- Theatrical release poster
- Directed by: Kinji Fukasaku
- Produced by: Akira Oda
- Cinematography: Takashi Kawamata
- Music by: Hajime Kaburagi
- Release date: January 25, 1969 (Japan);
- Running time: 90 minutes
- Country: Japan
- Language: Japanese

= Black Rose Mansion =

1969 Japanese drama film

Black Rose Mansion (黒薔薇の館, Kuro Bara no Yakata), also known as Black Rose, is a 1969 Japanese drama film directed by Kinji Fukasaku.

==Plot==
The millionaire Kyohei Sako converts his mother's old villa into an entertainment parlor for his hobbies called the Black Rose Mansion. Ryuko Fujio, a newly hired singer, claims that the black rose she coincidentally carries will turn red when she falls in love.

Mr. Otomo, a scholar in archeology, claims that Ryuko is his wife, but she claims not to know him. A young man named Tsukawa claims that he knew Ryuko from her days in Yokohama but she claims not to know him either. Tsukawa leaves despondent and is later found dead from suicide. A sailor claims that Ryuko is his girlfriend from Kobe then cuts off her right sleeve to expose an area where she has had a tattoo of a rose removed. Ryuko announces that she does not belong to anyone. When the sailor attempts to drag her away, her biracial assistant George intervenes and the two men stab each other to death in an attempt to win Ryuko's love.
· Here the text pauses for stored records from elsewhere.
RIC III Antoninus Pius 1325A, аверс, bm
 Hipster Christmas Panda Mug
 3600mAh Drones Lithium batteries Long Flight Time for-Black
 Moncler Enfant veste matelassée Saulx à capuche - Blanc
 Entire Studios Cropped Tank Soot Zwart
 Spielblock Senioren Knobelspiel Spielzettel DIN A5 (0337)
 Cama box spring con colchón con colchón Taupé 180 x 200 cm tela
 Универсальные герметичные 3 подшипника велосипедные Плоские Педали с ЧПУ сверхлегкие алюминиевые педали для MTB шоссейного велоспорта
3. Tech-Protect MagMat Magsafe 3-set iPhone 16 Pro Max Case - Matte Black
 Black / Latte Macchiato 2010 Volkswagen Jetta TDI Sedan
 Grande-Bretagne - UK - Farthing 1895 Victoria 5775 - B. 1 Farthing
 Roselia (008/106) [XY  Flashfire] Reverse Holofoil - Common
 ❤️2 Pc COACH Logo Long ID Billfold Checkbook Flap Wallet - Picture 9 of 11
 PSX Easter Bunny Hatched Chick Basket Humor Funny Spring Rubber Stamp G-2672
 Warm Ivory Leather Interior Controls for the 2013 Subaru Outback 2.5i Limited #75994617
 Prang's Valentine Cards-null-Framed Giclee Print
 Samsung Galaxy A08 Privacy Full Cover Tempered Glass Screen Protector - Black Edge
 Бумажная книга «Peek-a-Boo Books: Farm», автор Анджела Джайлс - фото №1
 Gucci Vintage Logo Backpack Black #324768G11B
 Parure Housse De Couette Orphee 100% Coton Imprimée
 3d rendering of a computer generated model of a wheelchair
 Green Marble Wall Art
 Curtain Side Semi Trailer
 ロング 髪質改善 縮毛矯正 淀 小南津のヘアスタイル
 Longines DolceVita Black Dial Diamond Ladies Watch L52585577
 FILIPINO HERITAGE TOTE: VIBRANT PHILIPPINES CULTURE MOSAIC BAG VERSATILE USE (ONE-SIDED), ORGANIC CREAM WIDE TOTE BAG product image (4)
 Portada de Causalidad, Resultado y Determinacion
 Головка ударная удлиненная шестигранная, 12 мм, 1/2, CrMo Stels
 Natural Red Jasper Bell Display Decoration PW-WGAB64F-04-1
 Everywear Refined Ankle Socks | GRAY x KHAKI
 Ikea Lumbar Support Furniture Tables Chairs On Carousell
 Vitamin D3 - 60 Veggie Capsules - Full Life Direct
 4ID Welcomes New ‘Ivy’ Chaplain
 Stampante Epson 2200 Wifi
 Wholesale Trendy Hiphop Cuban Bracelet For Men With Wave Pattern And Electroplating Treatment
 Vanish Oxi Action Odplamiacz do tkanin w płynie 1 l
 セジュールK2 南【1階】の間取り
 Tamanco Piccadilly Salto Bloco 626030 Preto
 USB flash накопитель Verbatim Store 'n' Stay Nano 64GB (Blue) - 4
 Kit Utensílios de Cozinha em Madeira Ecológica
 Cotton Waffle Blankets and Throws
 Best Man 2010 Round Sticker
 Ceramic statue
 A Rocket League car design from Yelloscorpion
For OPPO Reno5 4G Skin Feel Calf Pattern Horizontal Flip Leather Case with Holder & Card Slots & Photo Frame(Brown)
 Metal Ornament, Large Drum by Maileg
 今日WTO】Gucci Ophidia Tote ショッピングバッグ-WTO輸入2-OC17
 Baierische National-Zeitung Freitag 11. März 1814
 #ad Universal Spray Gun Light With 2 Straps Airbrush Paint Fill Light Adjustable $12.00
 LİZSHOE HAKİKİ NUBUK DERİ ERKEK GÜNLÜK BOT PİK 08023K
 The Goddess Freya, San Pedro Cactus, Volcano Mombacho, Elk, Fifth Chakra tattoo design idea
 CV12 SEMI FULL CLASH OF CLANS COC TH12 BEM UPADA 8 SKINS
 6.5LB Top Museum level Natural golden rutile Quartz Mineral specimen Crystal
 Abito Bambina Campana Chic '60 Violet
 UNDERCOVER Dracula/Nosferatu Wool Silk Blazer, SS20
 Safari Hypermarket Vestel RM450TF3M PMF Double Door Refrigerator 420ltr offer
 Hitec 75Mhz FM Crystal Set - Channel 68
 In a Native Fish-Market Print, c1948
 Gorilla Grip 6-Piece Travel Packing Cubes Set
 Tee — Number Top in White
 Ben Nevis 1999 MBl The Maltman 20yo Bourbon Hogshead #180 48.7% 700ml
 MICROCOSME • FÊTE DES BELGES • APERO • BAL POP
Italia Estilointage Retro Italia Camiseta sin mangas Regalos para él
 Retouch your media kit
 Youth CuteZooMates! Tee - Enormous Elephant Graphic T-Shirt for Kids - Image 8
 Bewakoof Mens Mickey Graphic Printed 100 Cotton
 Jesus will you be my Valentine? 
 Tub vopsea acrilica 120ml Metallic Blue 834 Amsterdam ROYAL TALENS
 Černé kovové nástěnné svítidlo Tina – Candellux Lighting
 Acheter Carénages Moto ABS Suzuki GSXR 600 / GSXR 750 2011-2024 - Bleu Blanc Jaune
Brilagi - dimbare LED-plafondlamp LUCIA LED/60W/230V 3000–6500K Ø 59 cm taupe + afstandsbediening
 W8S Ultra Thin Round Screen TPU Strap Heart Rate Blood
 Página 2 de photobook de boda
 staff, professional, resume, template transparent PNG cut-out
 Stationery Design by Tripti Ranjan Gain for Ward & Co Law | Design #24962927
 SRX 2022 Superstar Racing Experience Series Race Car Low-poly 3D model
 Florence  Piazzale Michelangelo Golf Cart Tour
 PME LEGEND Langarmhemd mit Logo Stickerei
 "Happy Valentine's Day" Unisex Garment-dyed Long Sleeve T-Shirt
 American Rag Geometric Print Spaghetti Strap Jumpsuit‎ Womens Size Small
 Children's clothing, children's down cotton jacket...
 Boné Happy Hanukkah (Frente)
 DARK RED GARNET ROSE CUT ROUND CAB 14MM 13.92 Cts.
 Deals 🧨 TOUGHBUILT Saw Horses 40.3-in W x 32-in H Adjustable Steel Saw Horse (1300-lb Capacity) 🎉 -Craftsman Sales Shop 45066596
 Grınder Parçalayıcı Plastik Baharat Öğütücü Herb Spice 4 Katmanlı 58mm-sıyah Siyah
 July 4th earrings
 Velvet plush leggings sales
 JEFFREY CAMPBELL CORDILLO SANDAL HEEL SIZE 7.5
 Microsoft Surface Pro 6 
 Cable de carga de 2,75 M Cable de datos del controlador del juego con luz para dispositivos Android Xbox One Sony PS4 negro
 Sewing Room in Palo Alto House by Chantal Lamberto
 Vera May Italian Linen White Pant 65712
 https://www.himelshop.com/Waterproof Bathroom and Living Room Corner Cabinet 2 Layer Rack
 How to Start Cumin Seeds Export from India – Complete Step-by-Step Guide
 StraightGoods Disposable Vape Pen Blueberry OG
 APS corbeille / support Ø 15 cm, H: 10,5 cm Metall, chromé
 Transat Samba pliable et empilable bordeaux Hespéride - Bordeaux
George's blood spills over Ryuko's black rose but Mr. Otoko insists that it will turn black again after a short time. He then leaves, having lost interest in Ryuko.

Police detectives investigate and Ryuko decides to leave the Black Rose Mansion, but Kyohei confesses that he is in love with her and offers to let her stay forever in his mansion. She agrees and he renovates the mansion to allow her to perform there alone without an audience.

Kyohei's wayward son Wataru visits to investigate and becomes infatuated with Ryuko. They fall in love but they do not have enough money to run away together so Wataru agrees to be the getaway driver for his friend Yajima when he robs a Norwegian vessel. They are shot by the police as they are escaping and Wataru collapses after reaching the Black Rose Mansion. His blood does not spill on Ryuko's black rose, disappointing her. Kyohei says that he is giving up Ryuko and asks Wataru to stay with him, but Wataru chooses Ryuko.

Wataru and Ryuko escape in a speedboat. Wataru bleeds out and collapses as Ryuko cries out that she loves him just before they crash into a larger vessel. Kyohei is called to the scene to identify the bodies, where he finds the black rose covered in red blood.

==Cast==
- Akihiro Miwa as Ryuko Fujio
- Eitaro Ozawa as Kyohei Sako
- Masakazu Tamura as Wataru
- Ayako Hosho as Kyohei's Wife
- Kō Nishimura as Otomo
- Kikko Matsuoka as Reiko
- Akira Jo as George
- Ryōhei Uchida as Kazama
- Yūsuke Kawazu as Tsugawa

==Other credits==
- Art direction: Kumagai Masao
- Written by:
  - Kinji Fukasaku
  - Hirō Matsuda
  - Yukio Mishima - play

==Reception==
Hayley Scanlon of windowsonworlds.com wrote that Black Rose Mansion is "drenched in gothic melodrama" but "also succeeds in being both fascinatingly intriguing and a whole lot of strange fun at the same time."

In the book Rising Sun, Divided Land: Japanese and South Korean Filmmakers, author Kate E. Taylor-Jones writes, "In his use of people and characters that deliberately challenge the dominant ideology of attempting to 'forget' the war, Fukasaku is a fore-runner of later directors such as Miike Takashi who would also use non-Japanese characters to make comments on the state of Japanese society."